(1.) The petitioner firm had imported fast moving consumer goods through Cochin Port and filed bill of entry No. 259811 dated 18-12-2009. At the time when the Bill of Entry was issued the petitioner submitted invoice issued by overseas supplier showing value of the goods as Rs. 3,27,178/-. According to the petitioner without any reason, respondent adopted higher value of Rs. 37,70,688/- and demanded customs duty of Rs. 6,97,982/-. Ext. P1 is the copy of the Bill of Entry. The petitioner paid customs duty as demanded by respondent on 2-1-2010 which is evidenced by Ext. P2, true copy of the TR6 challan No. 99090603 dated 2-1-2010. It is contended that the respondent has taken a higher value. In these circumstances, the petitioner approached the respondent to rectify the mistake. Petitioner then served Ext. P3 legal notice which did not evoke a response. Accordingly, the petitioner seeks for a direction to issue a speaking order with regard to the assessment of duty and refund the excess duty collected. Reliance is placed on Ext. P4 judgment of this Court rendered in identical circumstance.
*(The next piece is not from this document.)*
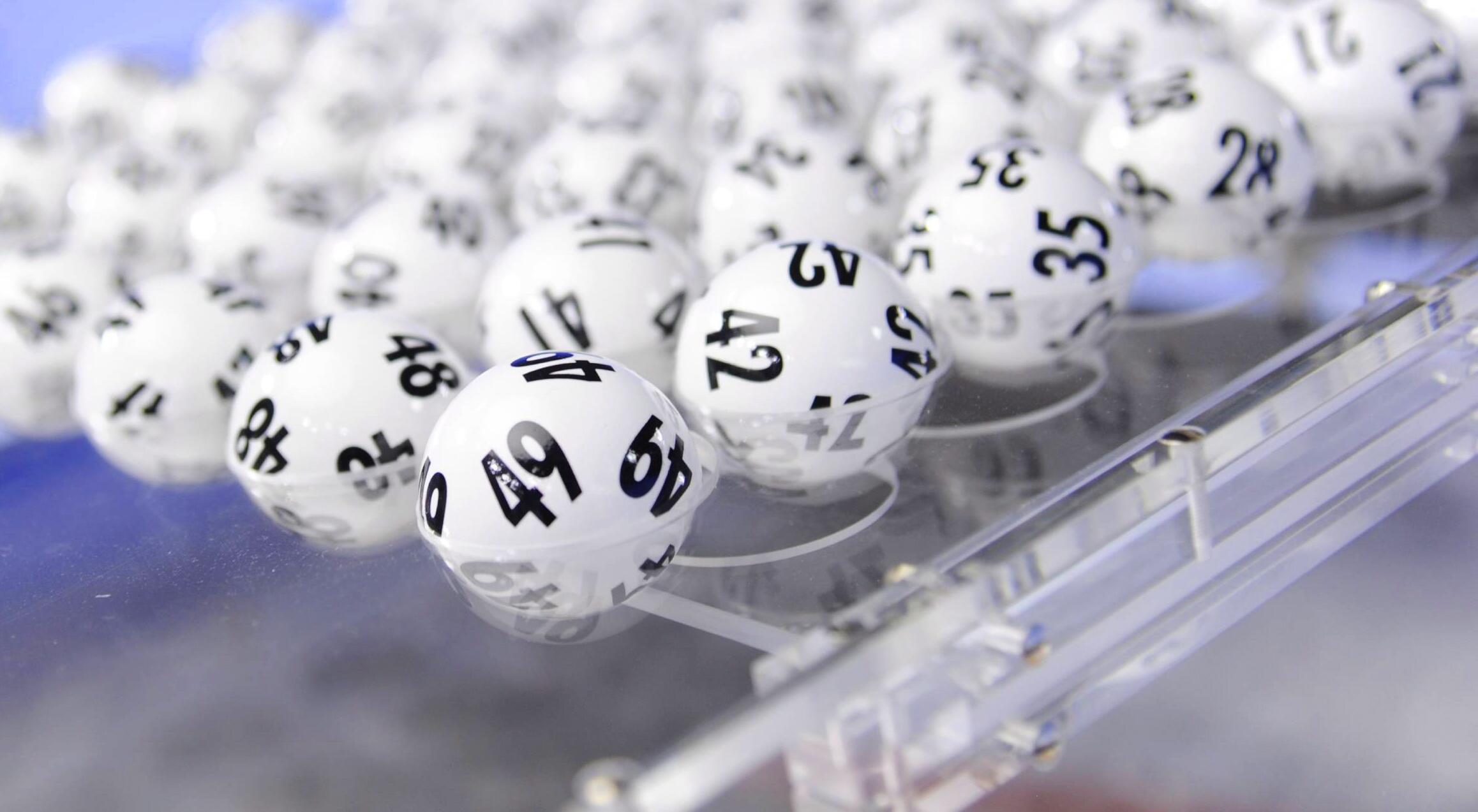 Lotto 6aus49 Vom 19. April 2025: Überprüfung Ihrer Zahlen Lotto 6aus49 Vom 19. April 2025: Überprüfung Ihrer Zahlen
(2.) Heard the learned Standing Counsel for the W.P.(C) No. 7653 of 2010 respondent. It is submitted by the learned Standing Counsel that even the bill of entry is appealable and therefore the petitioner has to file an appeal in the matter. Reliance is placed on decisions of the Appellate Tribunal in Max India Ltd. v. Commissioner of Customs (ICD), New Delhi,2005 192 ELT 246, Ashoosons v. Commissioner of Customs, New Delhi,2009 239 ELT 107 and State of Goa v. Leukoplast (India) Ltd., 1997 88 ELT 19 (S.C.).
(3.) There cannot be any objection to pass a speaking order in the matter so that the petitioner will get the benefit of challenging the same by way of appeal and the appellate authority will also get the opportunity to consider the matter, after verifying the reasons for charging the duty.